From 2010 to 2015, Satinsky worked at Threewalls as associate director, where she edited two editions of Phonebook, in 2011 and 2015 (a national directory of artist-run spaces and projects). During this time she cofounded the Hand-in-Glove conference with Shannon R. Stratton, Bryce Dwyer and Elizabeth Chodos, and was one of the cofounders of Common Field, national initiatives on advocacy for small to mid-size nonprofits and grassroots artist projects, and Community Supported Art, a program to sell affordable artist editions modeled after community-supported agriculture.

Satinsky has worked with artists on solo exhibitions and projects while associate director at Threewalls, including Brandon Alvendia, Irina Botea (nominated for best time-based format by the International Association for Art Critics in 2014), Harold Mendez, Seth Kim-Cohen, Jaime Davidovich (with Daniel Quiles), Latham Zearfoss, ACRE TV, Rozalinda Borcila, Brian Holmes, Ashley Hunt, Taisha Paggett, Faith Wilding, and Mary Patten.

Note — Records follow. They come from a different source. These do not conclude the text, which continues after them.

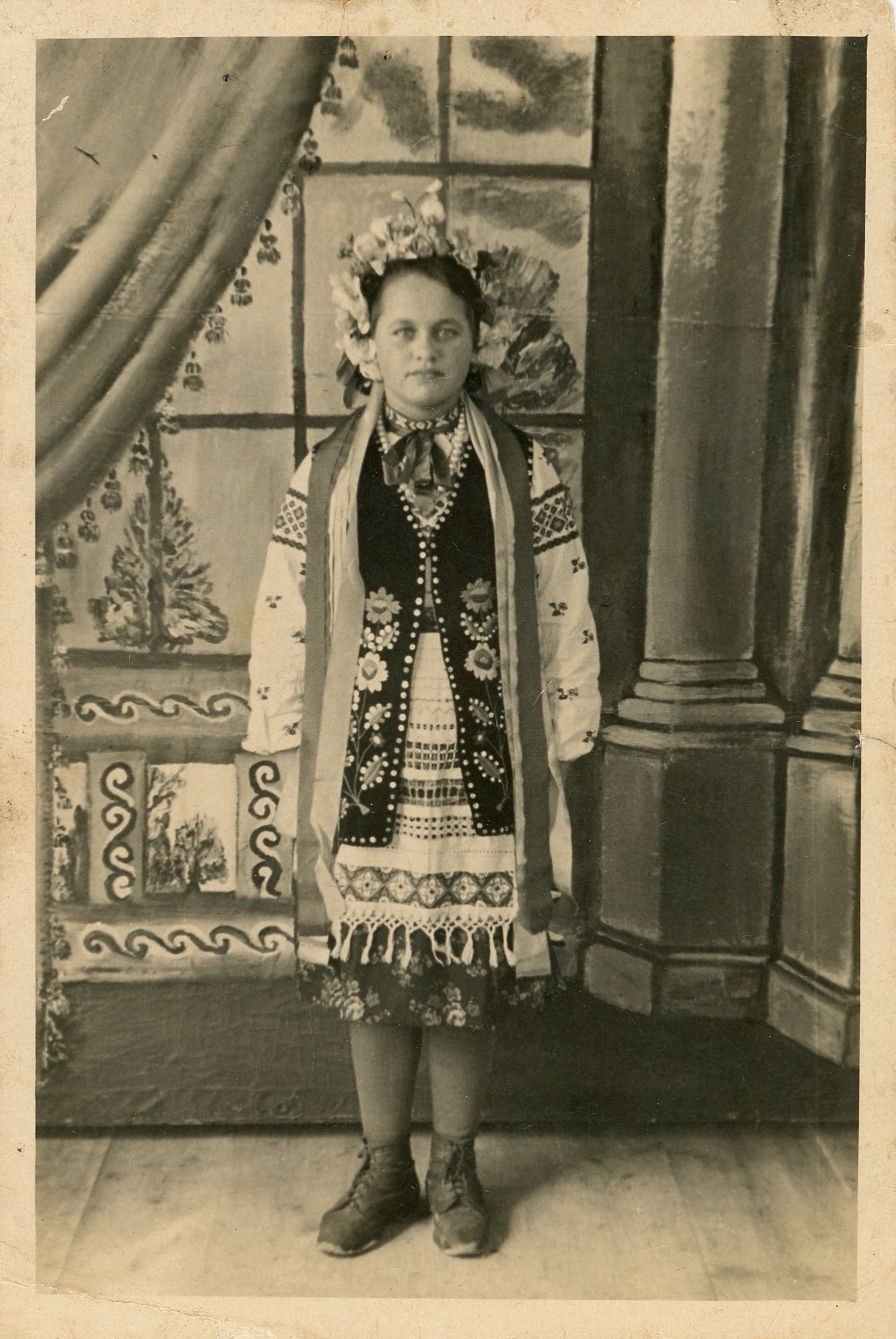 A woman dressed in traditional folk costume, standing indoors in front of a decorated backdrop with paintings and architectural details.
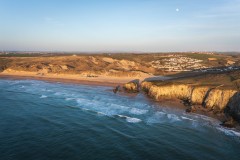 Aerial view of Holywell Bay, at sunset, Cornwall, uk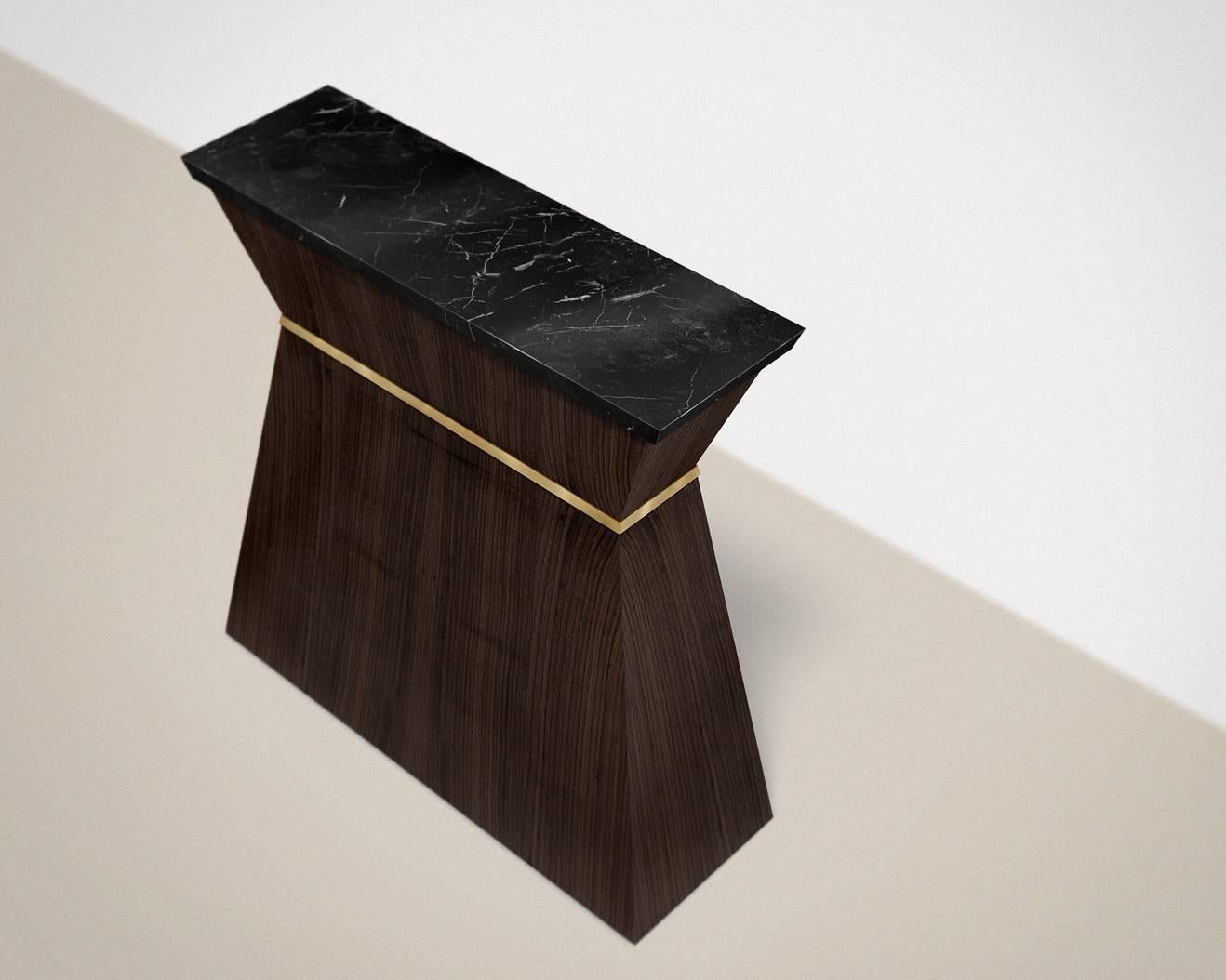 Console designed by French design studio Hormé

Piece numbered and signed

Walnut matt varnish, brass girdle and Marquina marble-top.

Measures: 100 x 77 x 24 cm (standard-size).

Inspired by Greek mythology, its richness and poetry, Hormé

She organized more than 100 programs over her time there which included artists and scholars Fred Moten, e-flux library, Laurie Palmer, Lane Relyea, Mary Jane Jacob, Daniel Joseph Martinez, and Michael Brenson. She also co-organized MDW Fair, an independent art fair showcasing Midwest artists and space.

She has taught on socially engaged art and curatorial practice at University of Illinois at Chicago, the School of the Art Institute of Chicago, Moore College of Art and Design and Tyler School of Art at Temple University. She is curator of exhibitions and programs at the School of the Museum of Fine Arts at Tufts University.

== Selected exhibitions and projects ==

- Radio Silence (2017-2018) (producer) with artist Michael Rakowitz and curator Liz Thomas with Mural Arts Philadelphia, a seven-episode radio broadcast and large-scale performance on Independence Mall in Philadelphia.
- Meadow Mansions (2016), an exhibit featuring the 18th century Mount Pleasant mansion in Fairmount Park. The group exhibition was commissioned by Fairmount Park Conservancy, Philadelphia Parks and Recreation, Audubon Pennsylvania, and the Philadelphia Museum of Art, and funded by ArtPlace with Design.
- A Modest Occupation (2013), The Luminary in St. Louis, MO, Transformer Gallery in Washington DC and Threewalls in Chicago.

== Publishing ==
In 2014 Satinsky edited the book, Support Networks, part of the Chicago Social Practice History series (edited by Mary Jane Jacob and Kate Zeller in the Department of Exhibitions and Exhibition Studies at the School of the Art Institute of Chicago). She has published essays and articles on online platforms such as Art Practical and Temporary Art Review, and for organizations such as Open Engagement. She is a regular contributor to the Bad at Sports podcast and her writing has appeared in the Journal of Aesthetics and Protest, AREA Chicago, and Proximity Magazine. She contributed to podcast conversations with Bad at Sports which were collected in two edited volumes, Say It While You Still Mean It: Conversations on Art and Practice, Volumes 1 and 2, published by Open Engagement in Print. She was editor of the book Support Networks, published by the School of the Art Institute of Chicago and University of Chicago Press, which chronicles socially engaged art in Chicago over the last one hundred years.

Satinsky has also co-authored essays and blog posts on the subject of socially-engaged art with partner Anthony Romero.

==Awards==
She was a fellow, John Nicholas Brown Center, Brown University, Providence, RI.

In 2016, she received the Art Journal Award for distinguished writing from College Art Association for her essay "Movement Building for Beginners".